The price increase in Ukraine, which is almost 2.5 times higher than that in destination countries, was primarily due to the reduction in freight costs.
However, the current logistics market context may be less favorable for domestic prices. The activation of shipments will undoubtedly lead to an expansion of sea logistics by 10–20%, which will immediately affect the reduction of CPT prices at sea ports.
We are now entering the active phase of marketing products and the leftovers from the previous marketing year. Therefore, those who decide to adopt a more stable and balanced sales strategy for the future harvest will begin actively signing forward contracts. Before the full-scale war, Ukraine had one of the most robust forward programs. Typically, up to 50% of the new harvest was sold in advance by May, which helped balance the market. Having pre-contracted products removes the excess supply burden during the harvest, thus stabilizing prices.

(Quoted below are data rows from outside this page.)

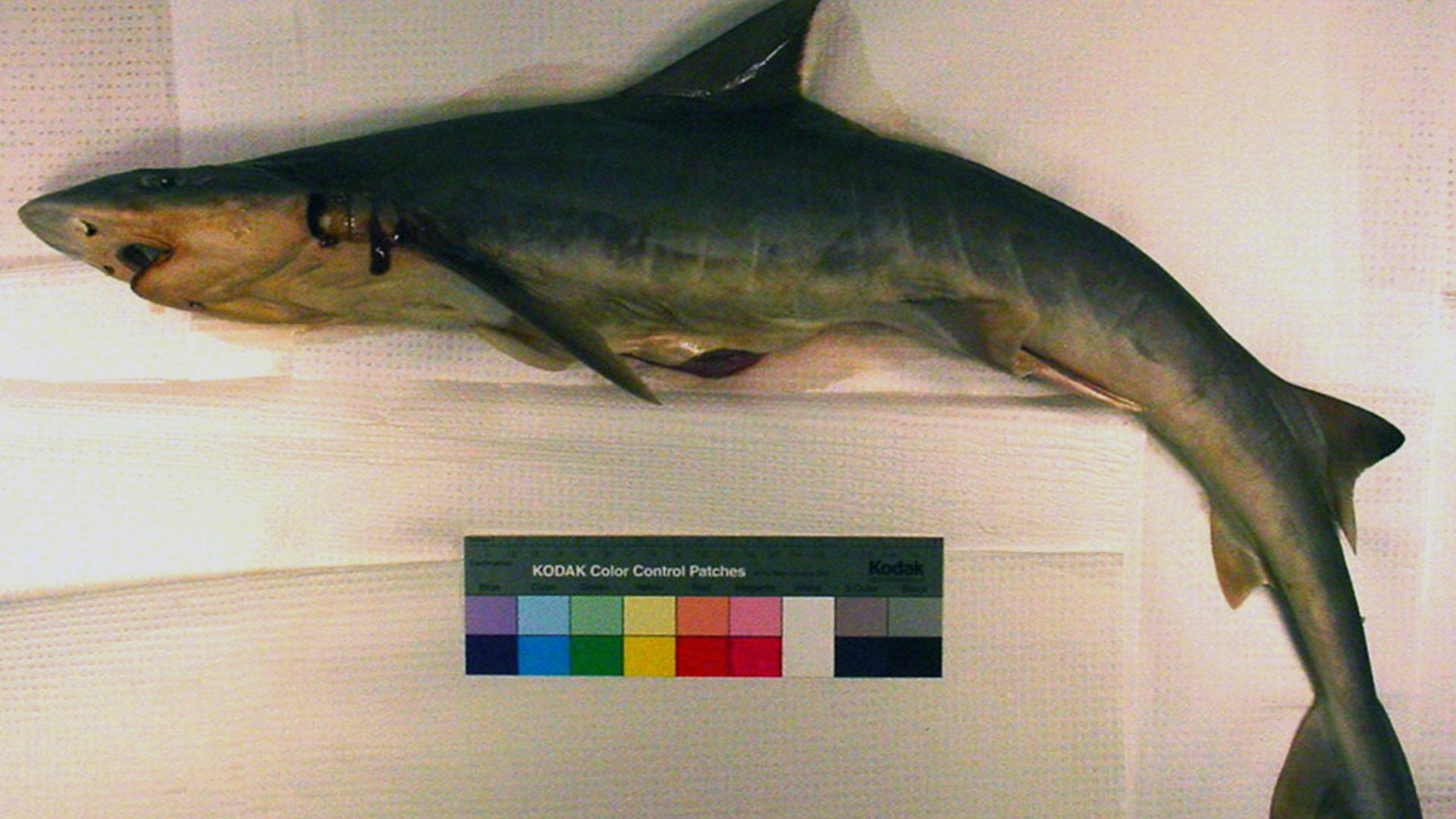 File:Mustelus sinusmexicanus (FDA 264).jpg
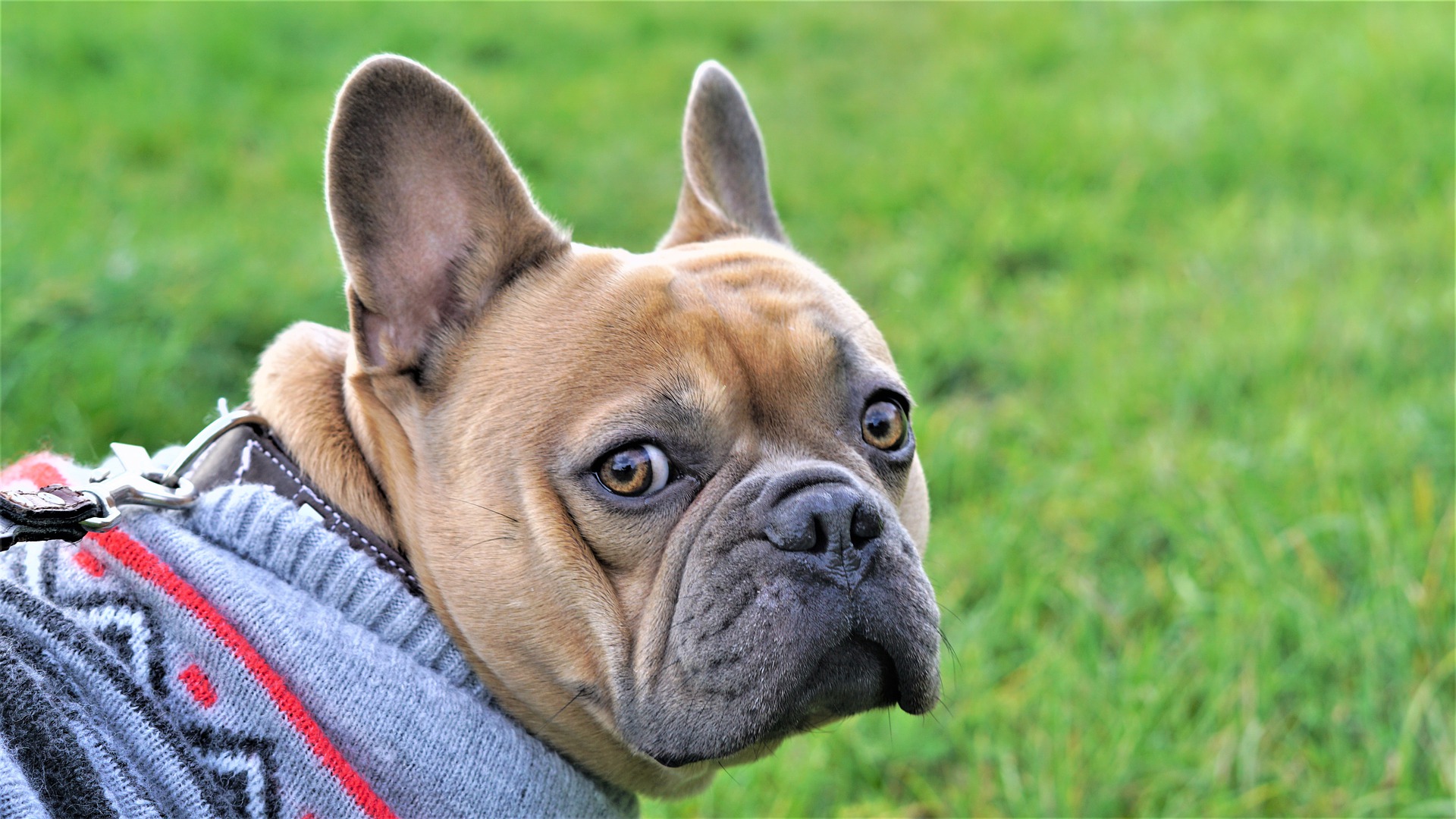 去勢をしないと長生き？去勢と犬の寿命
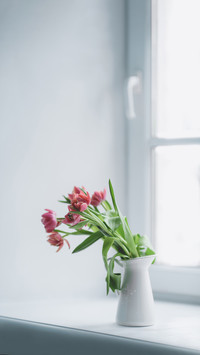 Pink peony tulips in a white jug on a white - sill window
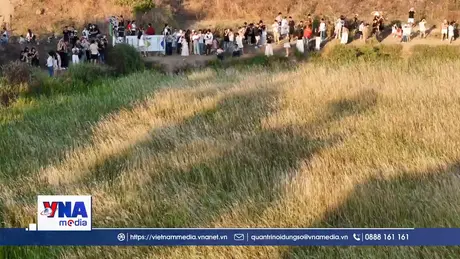 TP.HCM: Cánh đồng cỏ lau hút khách “săn” mặt trời “trứng muối”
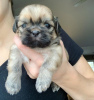 Foto №2 zu Ankündigung № 53167 zu verkaufen shih tzu - einkaufen USA quotient 	ankündigung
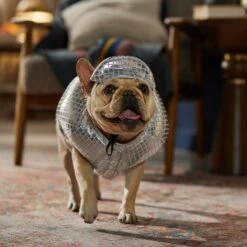 Frisco Disco Ball Dog & Cat Costume -Ultimate Pet Shop 707934 PT7. AC SS1800 V1689271312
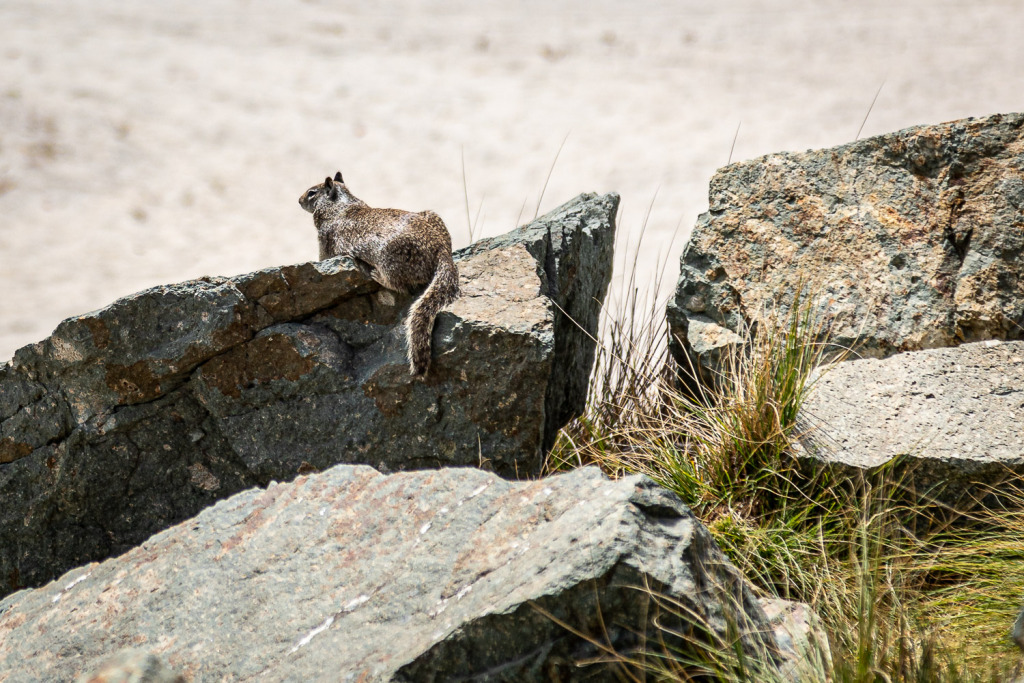 set your camera to Aperture Mode to isolate the Rock Squirrel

Of course, there are certain tricks when working with forward contracts. It’s worth working closely with your commercial agent to develop the optimal trading strategy in terms of quantity, quality, and logistics. For example, from the experience of companies contracting the harvest, it is better not to sell wheat solely as food-grade under forward contracts. It’s more advantageous to sell either feed wheat or sign a so-called multi-class contract. A farmer, not knowing the quality of the product they will produce but wishing to sell a certain amount of wheat in advance, can stipulate in the contract that they may supply products of three different quality types at three different prices, while fixing the overall volume of the shipment.

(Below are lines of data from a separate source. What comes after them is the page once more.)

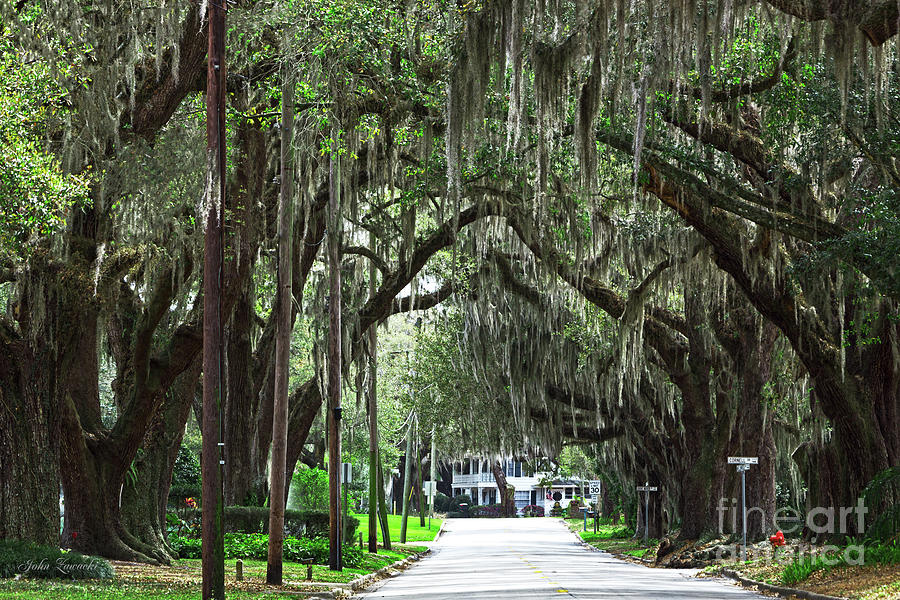 Canopy Road by John Zawacki Canopy Road by John Zawacki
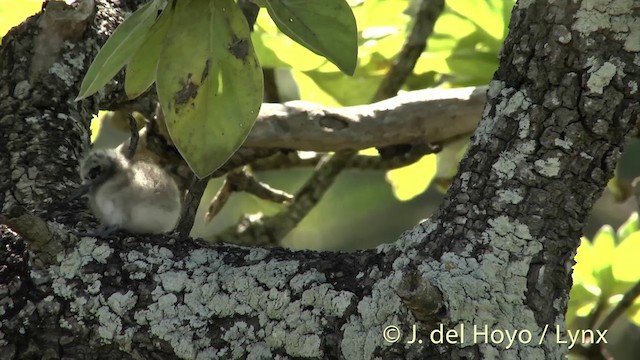 Крячок білий (підвид candida/leucopes) - ML201398591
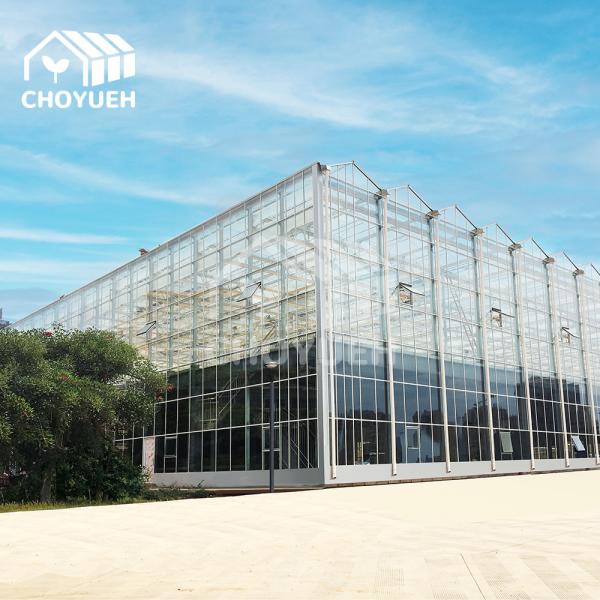 Quality Venlo Glass Polycarbonate Greenhouse With Seedbed Hydroponic For Tomato Strawberry for sale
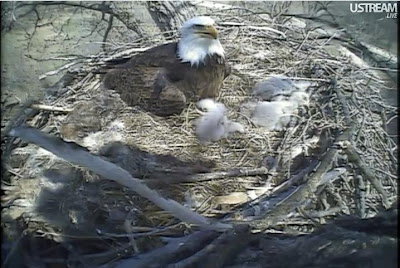 Decorah Eagles Webcam Screen Shots: Hot Afternoon At The Nest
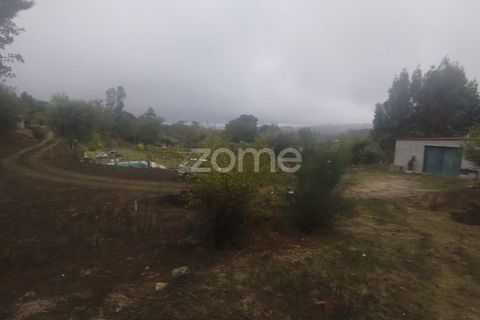 Farm i Mangualde, Viseu, Mangualde - € 178.500 | Ref: ZMPT582734 - foto 30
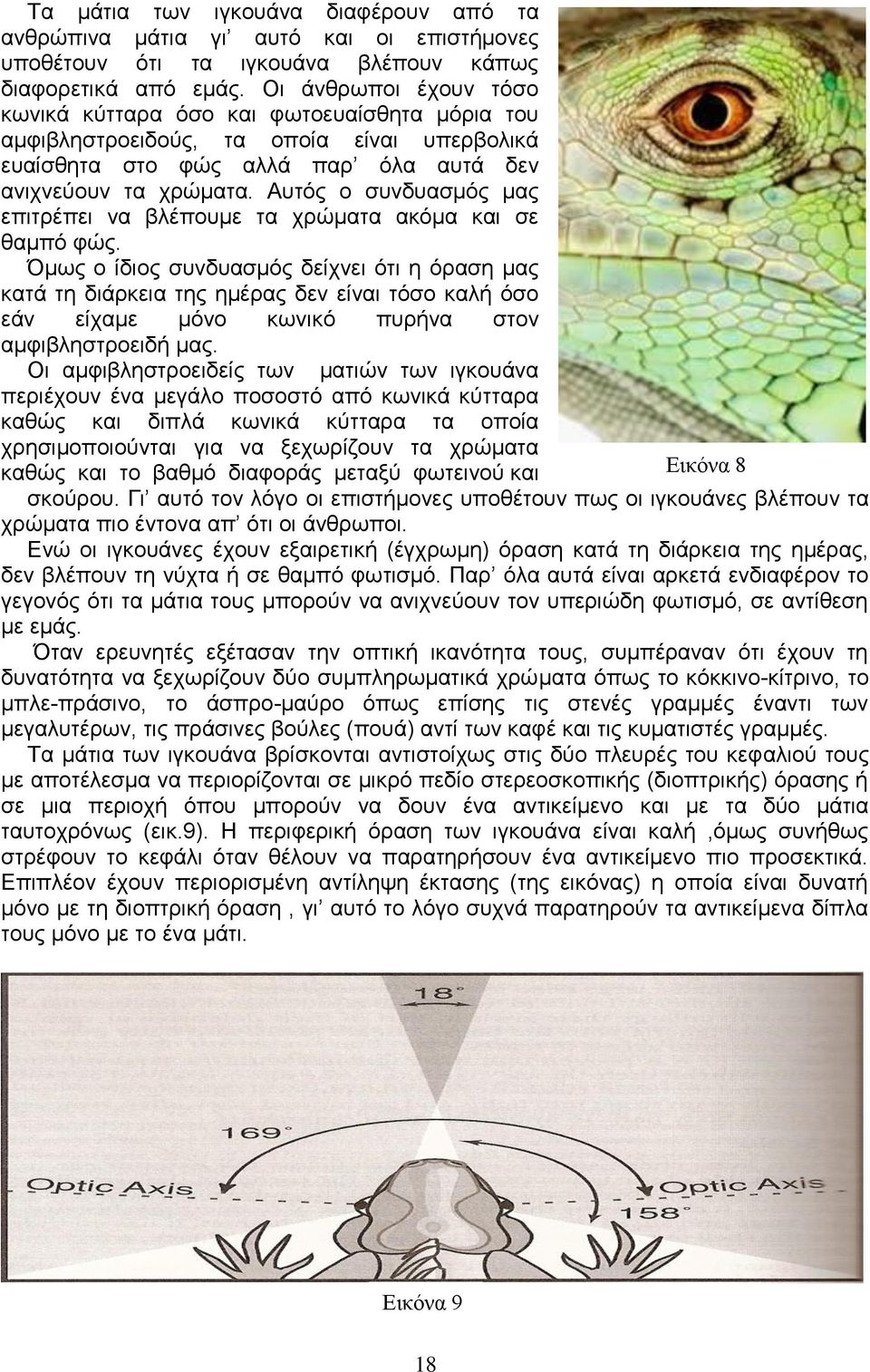 Αυτός ο συνδυασμός μας επιτρέπει να βλέπουμε τα χρώματα ακόμα και σε θαμπό φώς.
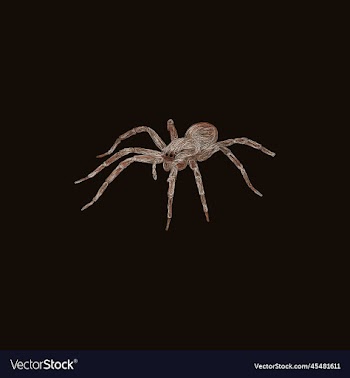 tarantula spider artwork style design
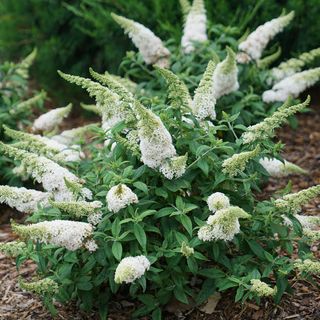 Buddleia Pugster White&reg; Butterfly Bush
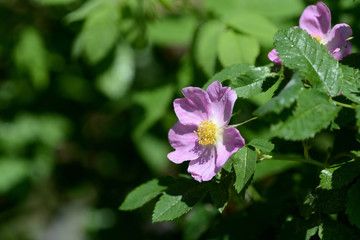 Rosehip flowers close up on a bright sunny day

Currently, Ukraine has implemented minimum export prices, which are significantly lower than the current market prices.
Logistics are now the cheapest. So, it makes sense to approach a carrier and lock in freight costs under a forward contract, considering that the calculated price will consist of the current transportation cost with a small premium. This would be much more profitable than waiting for transportation during the low-price season when freight costs rise amid heightened demand.
In Europe, the industry selling finished products demands advance planning of production and the corresponding procurement of raw materials. Logistics alone in this chain can take up to a month. Additionally, the raw materials must be processed, packaged, and so on.
Therefore, Ukraine will have to adopt the logic of long-term contracts, allowing the opportunity to secure profitability in advance. This also provides business stability, which must be skillfully used and managed for the benefit of the business.